Web page caption snippets:
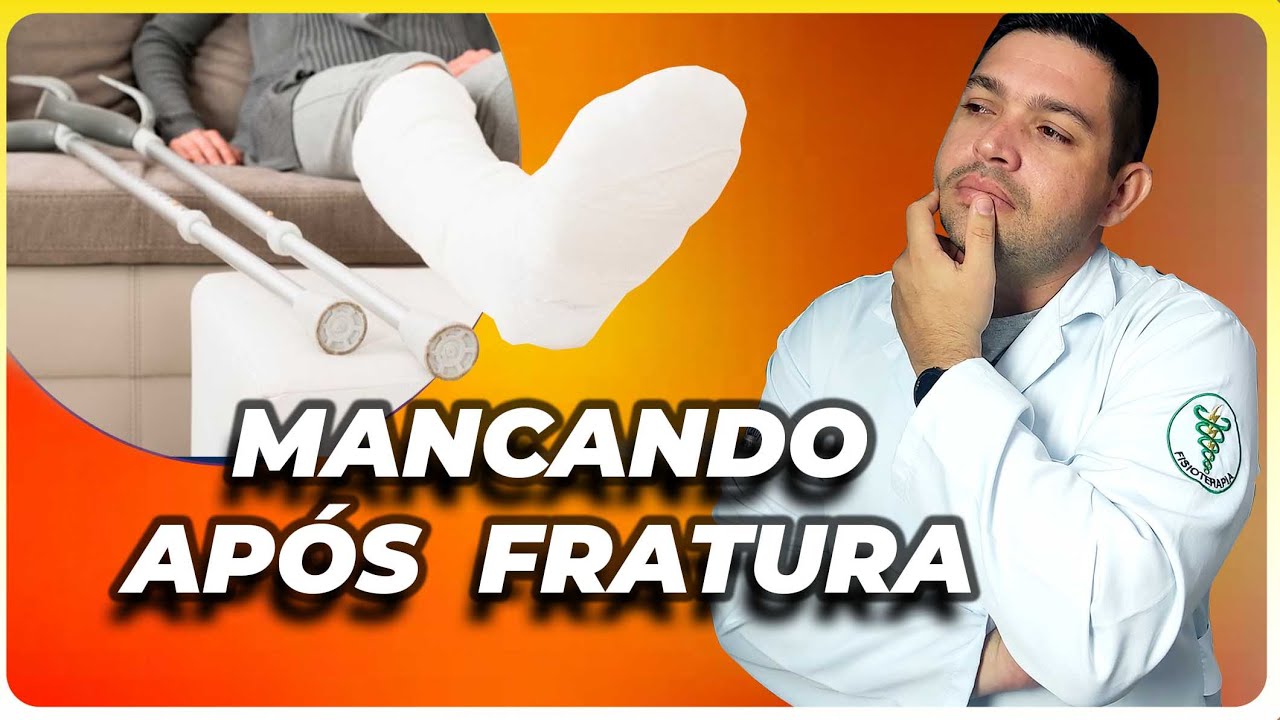 Fui Liberado para Pisar após Fratura de Tíbia mas estou Mancando e agora?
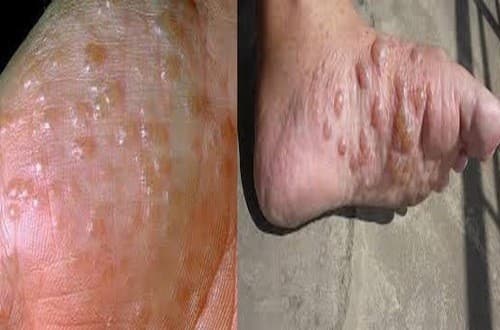 Chàm tổ đỉa cần được phát hiện sớm và điều trị hiệu quả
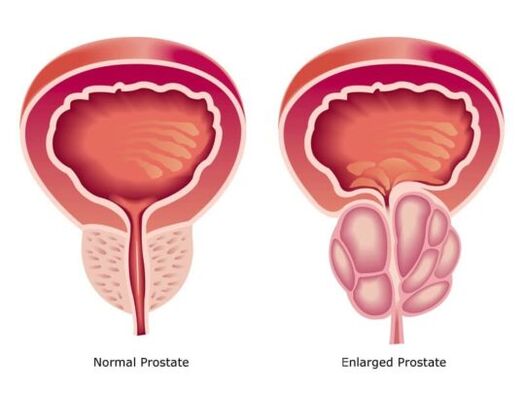 Normal and extended prostate
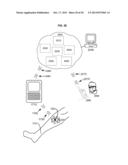 APPURTENANCES TO CAVITY WOUND DRESSINGS diagram and image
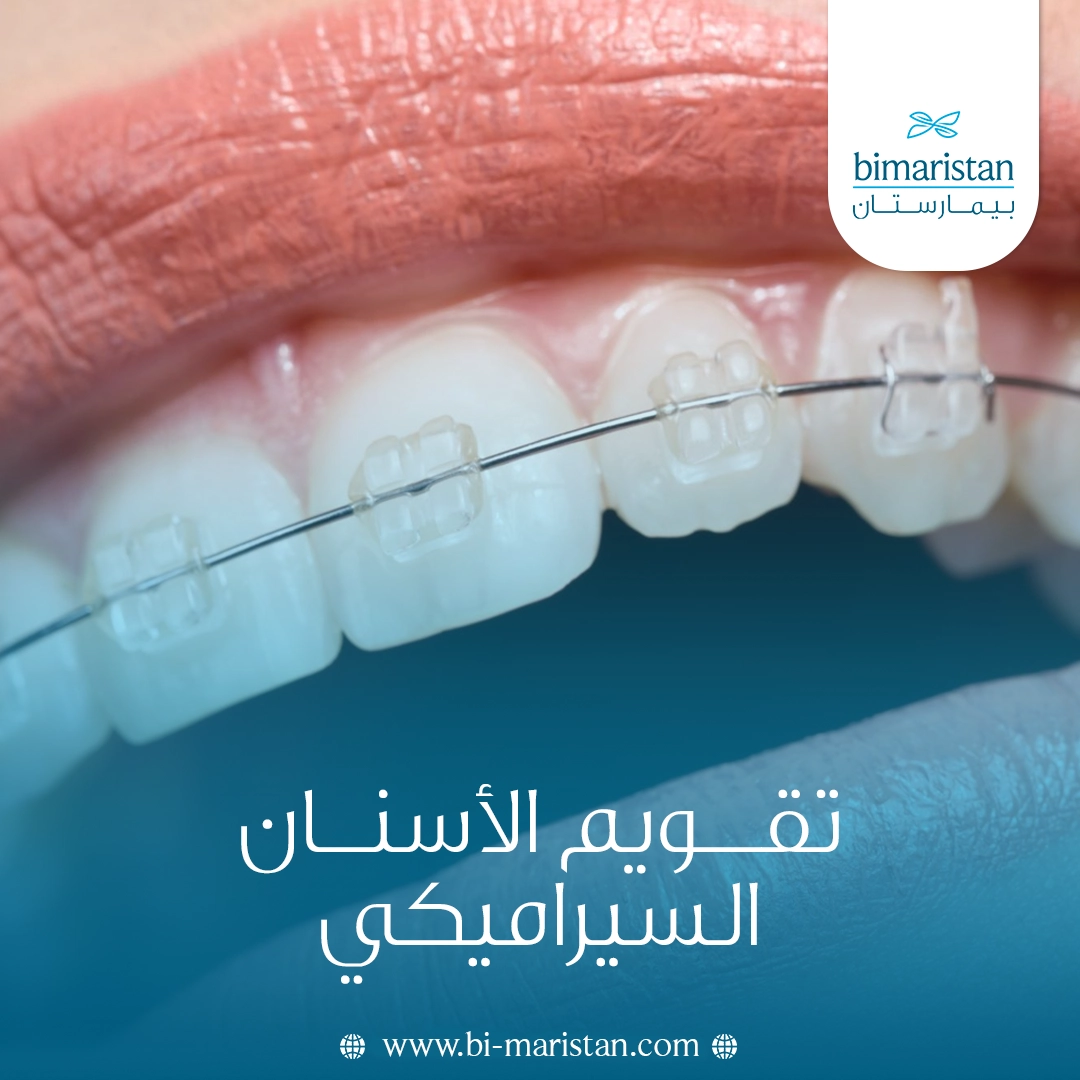 تقويم الأسنان السيراميكي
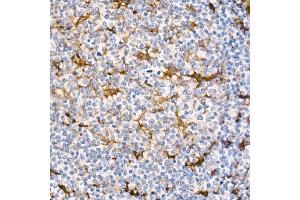 Immunohistochemistry of paraffin-embedded Human tonsil (positive control antibody staining, clone 55k-2) using Fascin/FSCN1 antibody (ABIN7267142) at dilution of 1:100 (40x lens). (Fascin antibody)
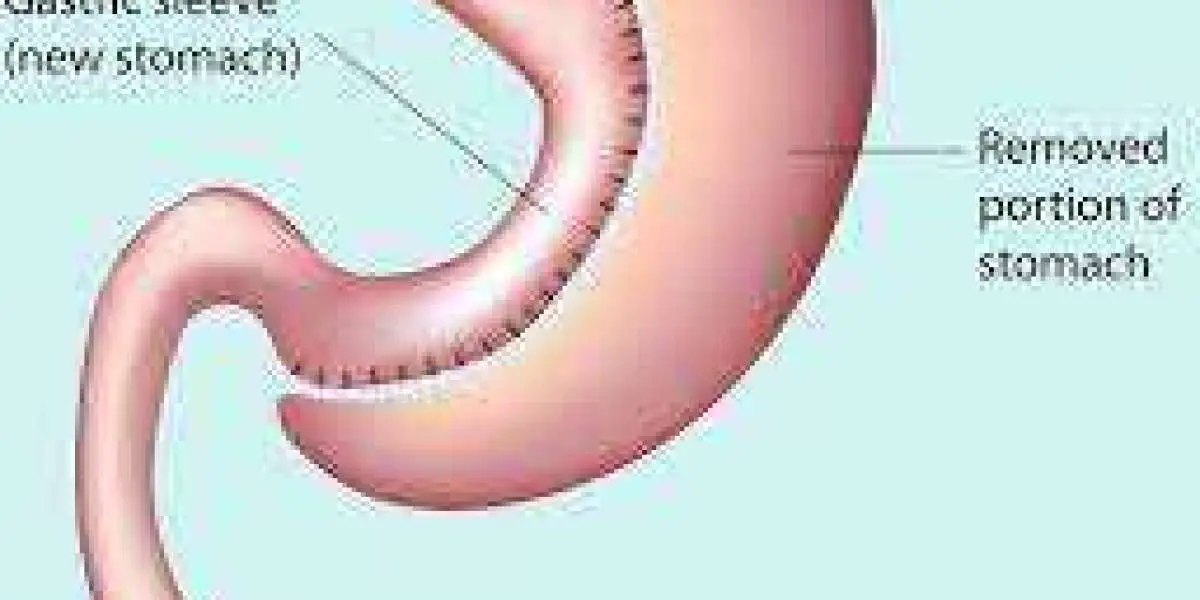 What does the cost of gastric sleeve surgery in Turkey typically include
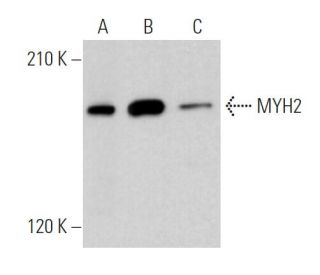 Myosin-2/MYH2 Antibody (6D596) - Western Blotting - Image 374137 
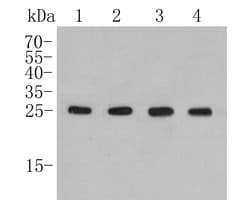 Invitrogen BAG2 Recombinant Rabbit Monoclonal Antibody (JE47-57) 100 &mu;L;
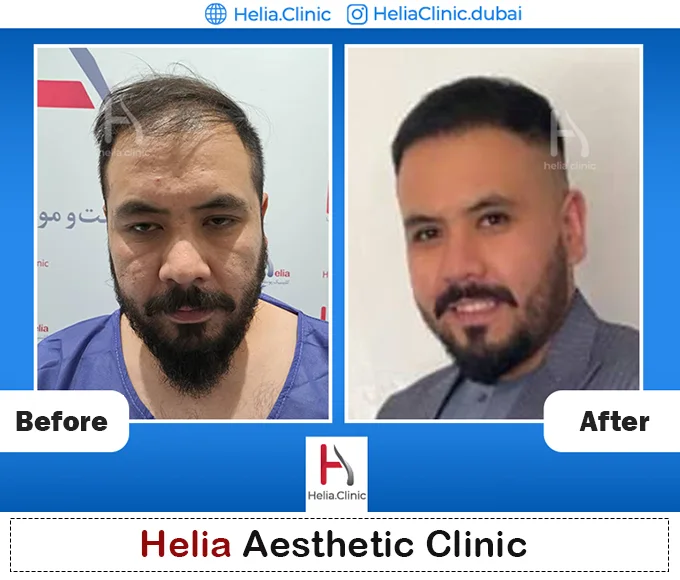 hair transplant without shaving head in dubai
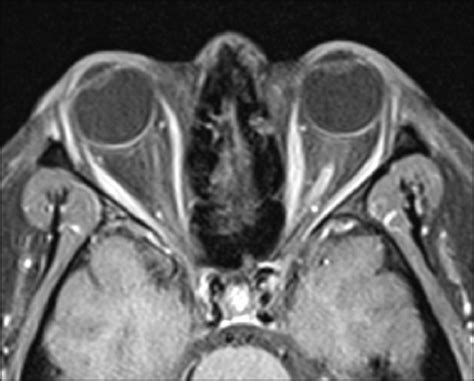 A Postcontrast Axial T1 Weighted Fat Suppressed Mri Of The Orbits In A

# Your assignment:
The copy must reproduce every entry exactly while excluding all pictures.

# Result for this exercise:
 Fui Liberado para Pisar após Fratura de Tíbia mas estou Mancando e agora?
 Chàm tổ đỉa cần được phát hiện sớm và điều trị hiệu quả
 Normal and extended prostate
 APPURTENANCES TO CAVITY WOUND DRESSINGS diagram and image
 تقويم الأسنان السيراميكي
 Immunohistochemistry of paraffin-embedded Human tonsil (positive control antibody staining, clone 55k-2) using Fascin/FSCN1 antibody (ABIN7267142) at dilution of 1:100 (40x lens). (Fascin antibody)
 What does the cost of gastric sleeve surgery in Turkey typically include
 Myosin-2/MYH2 Antibody (6D596) - Western Blotting - Image 374137 
 Invitrogen BAG2 Recombinant Rabbit Monoclonal Antibody (JE47-57) 100 &mu;L;
 hair transplant without shaving head in dubai
 A Postcontrast Axial T1 Weighted Fat Suppressed Mri Of The Orbits In A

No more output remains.